*** Opening of Given material ***

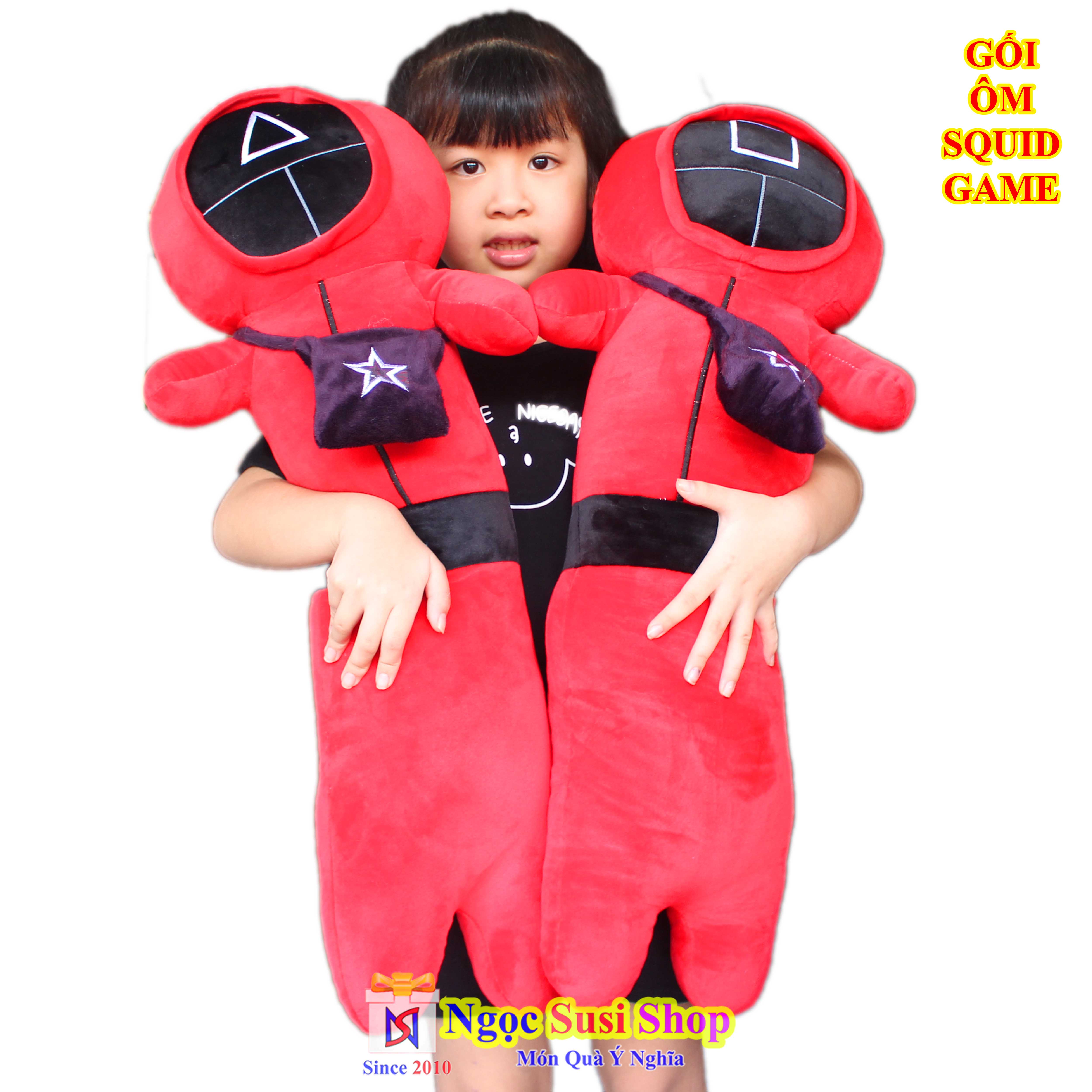 THÚ BÔNG SQUID GAME SIÊU DÀI [MẪU MỚI]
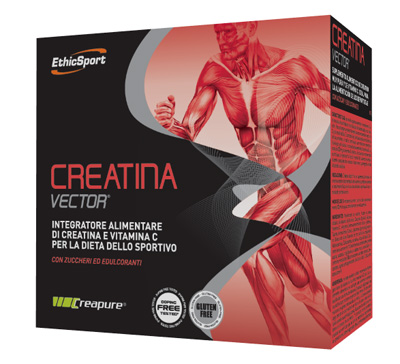 ETHICSPORT CREATINA VECTOR 20 BUSTINE 8 G - farmascienza.it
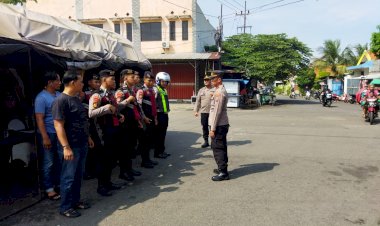 Polres-Pelabuhan-Tanjungperak-Bangun-Posko-Cegah-Peredaran-Narkoba-di-Jalan-Kunti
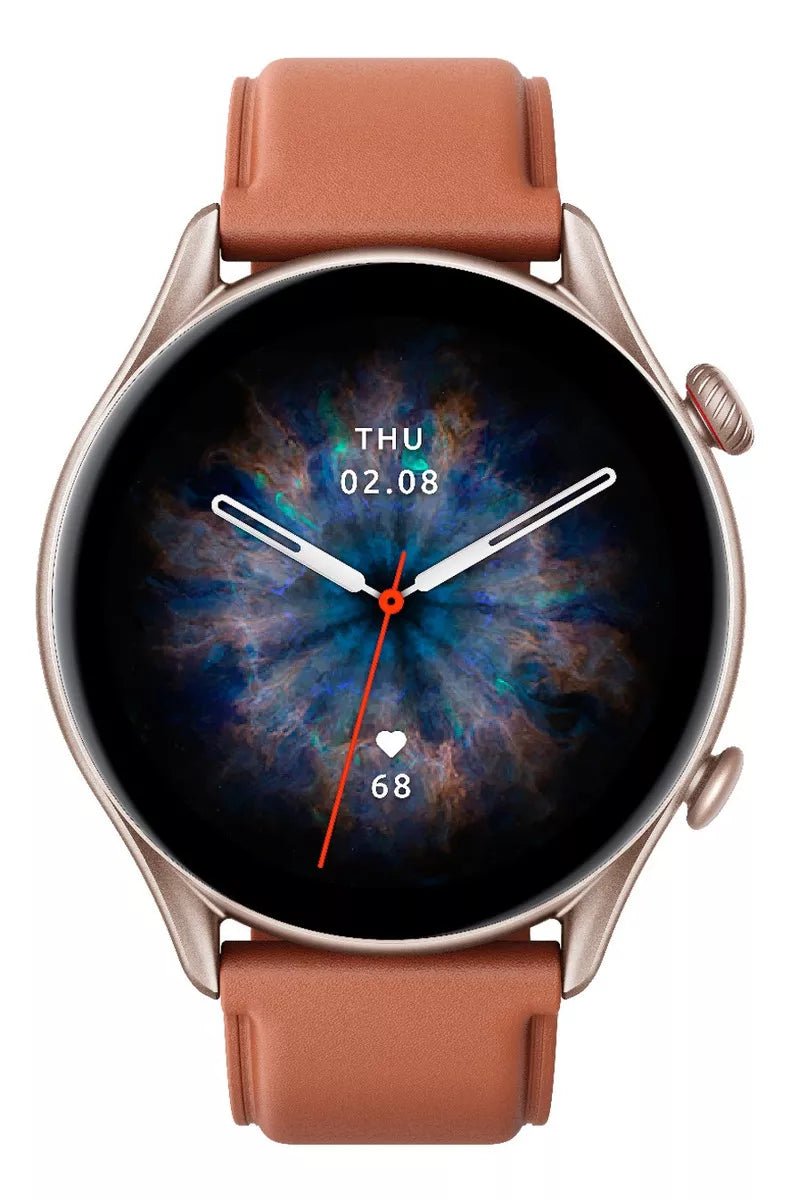 Amazfit Gtr 3 Pro Bronce Color de la caja Café Color de la correa Café Color del bisel Negro - Orro Home Mexico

*** Close of Given material ***

**Directions:**
Go through the data above and transcribe it in full, omitting any image.

**Task result:**
 THÚ BÔNG SQUID GAME SIÊU DÀI [MẪU MỚI]
 ETHICSPORT CREATINA VECTOR 20 BUSTINE 8 G - farmascienza.it
 Polres-Pelabuhan-Tanjungperak-Bangun-Posko-Cegah-Peredaran-Narkoba-di-Jalan-Kunti
 Amazfit Gtr 3 Pro Bronce Color de la caja Café Color de la correa Café Color del bisel Negro - Orro Home Mexico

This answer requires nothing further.